The only question remains is what kind of wood is it (hard or soft) and how long it will last in your tank.


----------



## Clownloachlover (Apr 21, 2010)

it could take years for it to stay submerged being that size. if it came from the lions bay area, chances are it is some sort of softwood species as that grows wild along the shore and up on the mountain, cedar, fir, spruce, perhaps cottonwood, maybe alder which is considered a hardwood by the "wood folks" but actually it is a very soft hardwood. I have collected a bunch of driftwood from Harrison lake for my freshwater tank...I am sure some of it is cedar, but other branches are heavier and harder.

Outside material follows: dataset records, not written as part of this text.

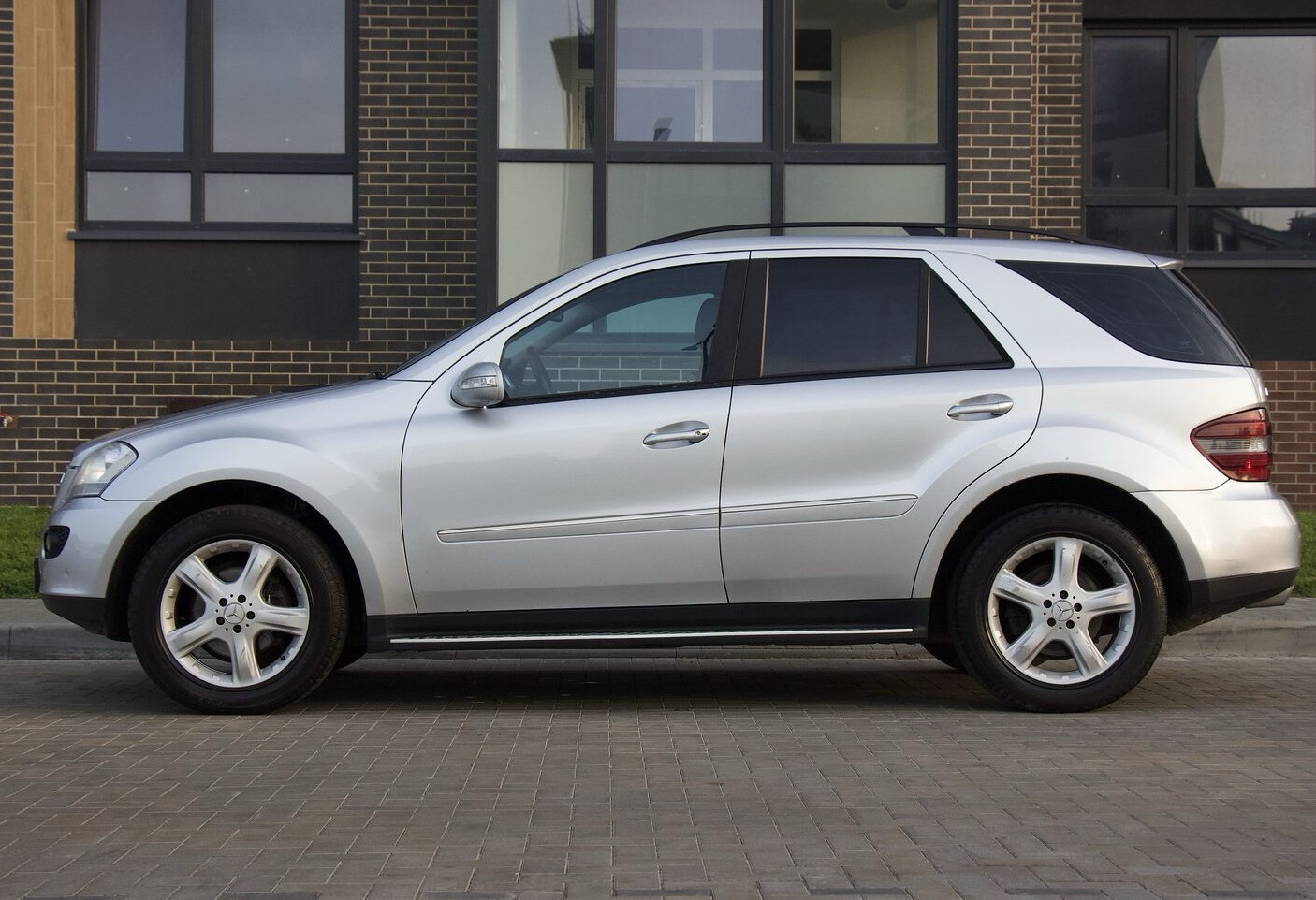 Аренда mercedes-benz m-klass комфорт класса 2008 года в городе Москва от 4632 руб./сутки, полный привод, двигатель: бензин, объем 3.5 литров, ОСАГО (Мультидрайв), без водителя, недорого, вид 4 - RentRide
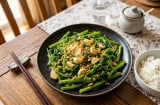 Mẹo xào rau muống xanh mướt, dậy mùi thơm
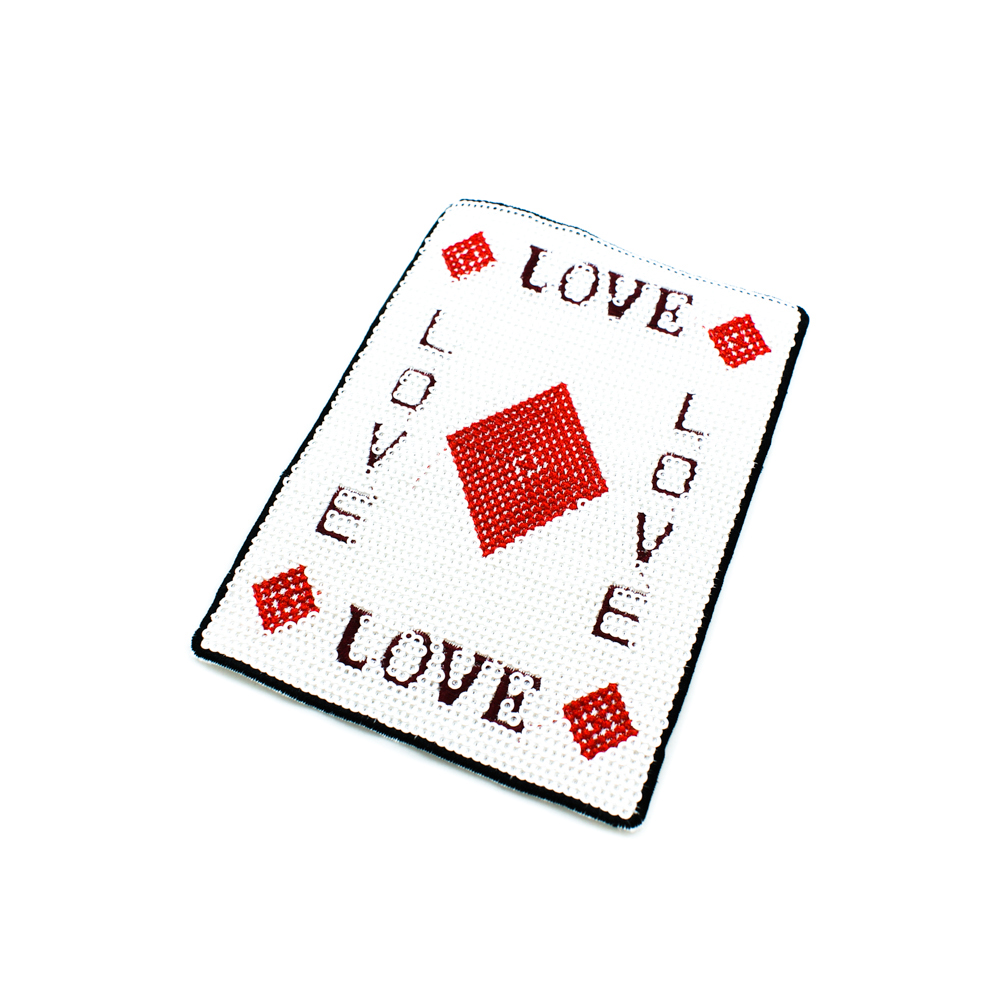 Аппликация пришивная пайетки Игральная Катра LOVE Бубна 14*10см белый, красный, шт. Аппликации Пришивные Пайетки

I have had them sitting in a bathtub full of water for 4 weeks now and they are not even close to staying submerged with the exception of 3 pieces which are 90% submerged!


----------



## Johnnyfishtanks (Apr 21, 2010)

Clownloachlover said:


> it could take years for it to stay submerged being that size. if it came from the lions bay area, chances are it is some sort of softwood species as that grows wild along the shore and up on the mountain, cedar, fir, spruce, perhaps cottonwood, maybe alder which is considered a hardwood by the "wood folks" but actually it is a very soft hardwood. I have collected a bunch of driftwood from Harrison lake for my freshwater tank...I am sure some of it is cedar, but other branches are heavier and harder. I have had them sitting in a bathtub full of water for 4 weeks now and they are not even close to staying submerged with the exception of 3 pieces which are 90% submerged!


is a soft wood . how long before the rot and are done


----------